____ DATA IN THIS EXERCISE

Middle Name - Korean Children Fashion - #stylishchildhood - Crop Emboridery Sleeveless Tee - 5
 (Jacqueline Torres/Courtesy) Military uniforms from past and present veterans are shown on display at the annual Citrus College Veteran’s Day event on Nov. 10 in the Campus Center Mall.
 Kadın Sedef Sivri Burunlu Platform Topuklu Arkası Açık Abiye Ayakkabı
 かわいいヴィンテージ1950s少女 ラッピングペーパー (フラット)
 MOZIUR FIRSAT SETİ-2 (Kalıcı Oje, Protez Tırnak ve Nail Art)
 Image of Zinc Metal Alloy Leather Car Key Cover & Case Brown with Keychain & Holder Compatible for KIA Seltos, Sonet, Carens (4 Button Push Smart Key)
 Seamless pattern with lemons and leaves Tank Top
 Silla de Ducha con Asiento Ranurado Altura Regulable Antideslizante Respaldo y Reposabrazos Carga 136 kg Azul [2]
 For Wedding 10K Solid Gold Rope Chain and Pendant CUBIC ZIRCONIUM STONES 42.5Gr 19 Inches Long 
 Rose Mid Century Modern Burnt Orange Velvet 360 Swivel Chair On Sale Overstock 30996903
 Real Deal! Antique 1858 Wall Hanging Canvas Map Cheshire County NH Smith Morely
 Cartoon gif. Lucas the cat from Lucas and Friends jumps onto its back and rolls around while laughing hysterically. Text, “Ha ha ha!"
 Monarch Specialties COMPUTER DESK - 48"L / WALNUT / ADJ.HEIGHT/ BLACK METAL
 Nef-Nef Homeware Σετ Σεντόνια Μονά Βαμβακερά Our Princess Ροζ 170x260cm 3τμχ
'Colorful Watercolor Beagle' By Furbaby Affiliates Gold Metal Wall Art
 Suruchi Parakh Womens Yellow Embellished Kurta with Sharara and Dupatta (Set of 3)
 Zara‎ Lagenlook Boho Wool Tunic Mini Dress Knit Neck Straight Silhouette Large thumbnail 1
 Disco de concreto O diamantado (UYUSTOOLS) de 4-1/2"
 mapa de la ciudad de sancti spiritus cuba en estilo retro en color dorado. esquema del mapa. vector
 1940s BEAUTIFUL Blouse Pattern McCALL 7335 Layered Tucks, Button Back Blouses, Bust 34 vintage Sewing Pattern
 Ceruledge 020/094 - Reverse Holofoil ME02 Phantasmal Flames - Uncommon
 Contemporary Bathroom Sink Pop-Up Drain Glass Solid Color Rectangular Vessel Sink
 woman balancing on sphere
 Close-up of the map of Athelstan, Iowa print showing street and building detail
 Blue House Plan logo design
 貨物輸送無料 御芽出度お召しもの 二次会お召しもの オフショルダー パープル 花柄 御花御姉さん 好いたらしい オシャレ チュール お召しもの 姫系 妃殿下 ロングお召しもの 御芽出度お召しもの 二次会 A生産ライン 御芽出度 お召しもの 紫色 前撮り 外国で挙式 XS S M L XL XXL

________

WHAT TO PRODUCE: Above this instruction are the records; retype exactly the lines from the one containing "Kadın Sedef Sivri" up to and including the one containing "MOZIUR FIRSAT SETİ-2".

RESPONSE TO THIS TASK:
 Kadın Sedef Sivri Burunlu Platform Topuklu Arkası Açık Abiye Ayakkabı
 かわいいヴィンテージ1950s少女 ラッピングペーパー (フラット)
 MOZIUR FIRSAT SETİ-2 (Kalıcı Oje, Protez Tırnak ve Nail Art)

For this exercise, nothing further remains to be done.